→ **TASK BRIEF**
Copy the lines below exactly, starting at the one with "E4417A Agilent EPM-P" and ending at the one with "Torsten Nicodemus", and leave out any picture.

**** PROVIDED RECORDS ****

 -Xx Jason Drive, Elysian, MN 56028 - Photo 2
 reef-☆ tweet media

****
**** PROVIDED RECORDS ****

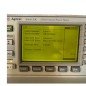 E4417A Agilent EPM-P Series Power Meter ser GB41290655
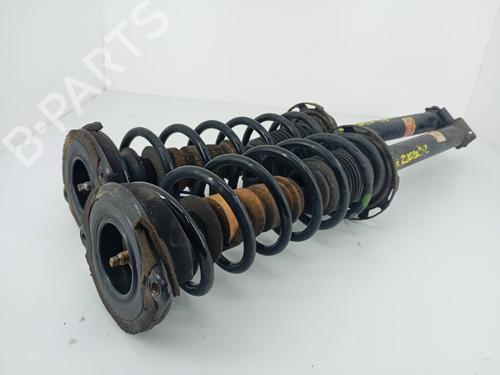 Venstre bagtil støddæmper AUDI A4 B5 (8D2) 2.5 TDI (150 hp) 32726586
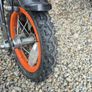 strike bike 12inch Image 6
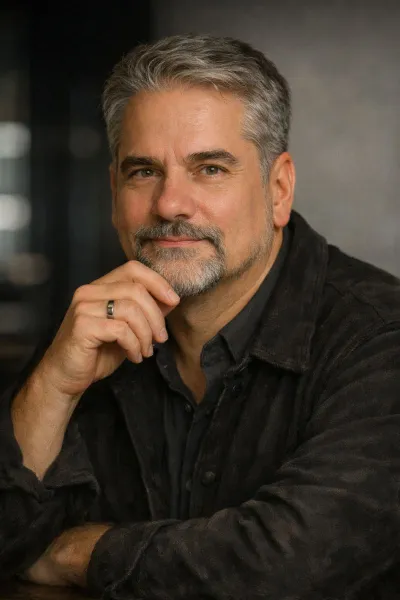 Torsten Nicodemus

****
**** PROVIDED RECORDS ****

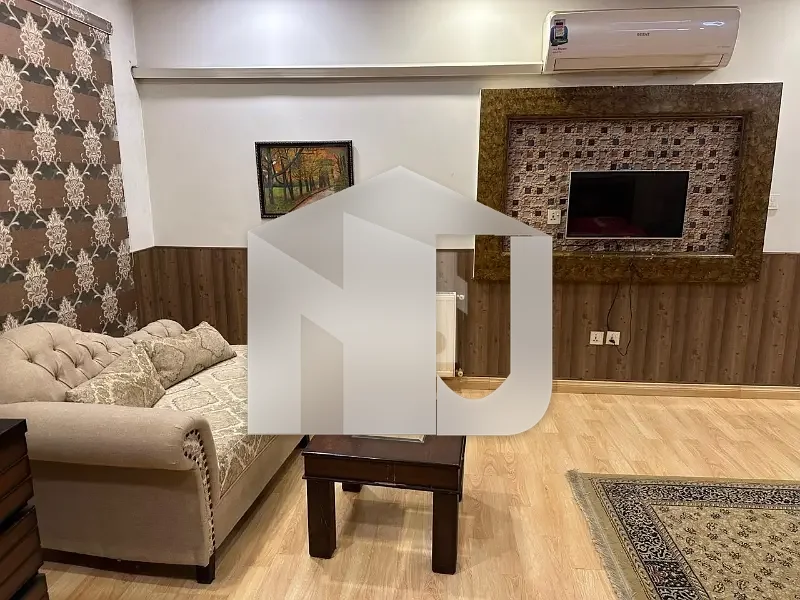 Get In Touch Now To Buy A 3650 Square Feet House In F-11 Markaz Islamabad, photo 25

****

→ **RESPONSE**
 E4417A Agilent EPM-P Series Power Meter ser GB41290655
 Venstre bagtil støddæmper AUDI A4 B5 (8D2) 2.5 TDI (150 hp) 32726586
 strike bike 12inch Image 6
 Torsten Nicodemus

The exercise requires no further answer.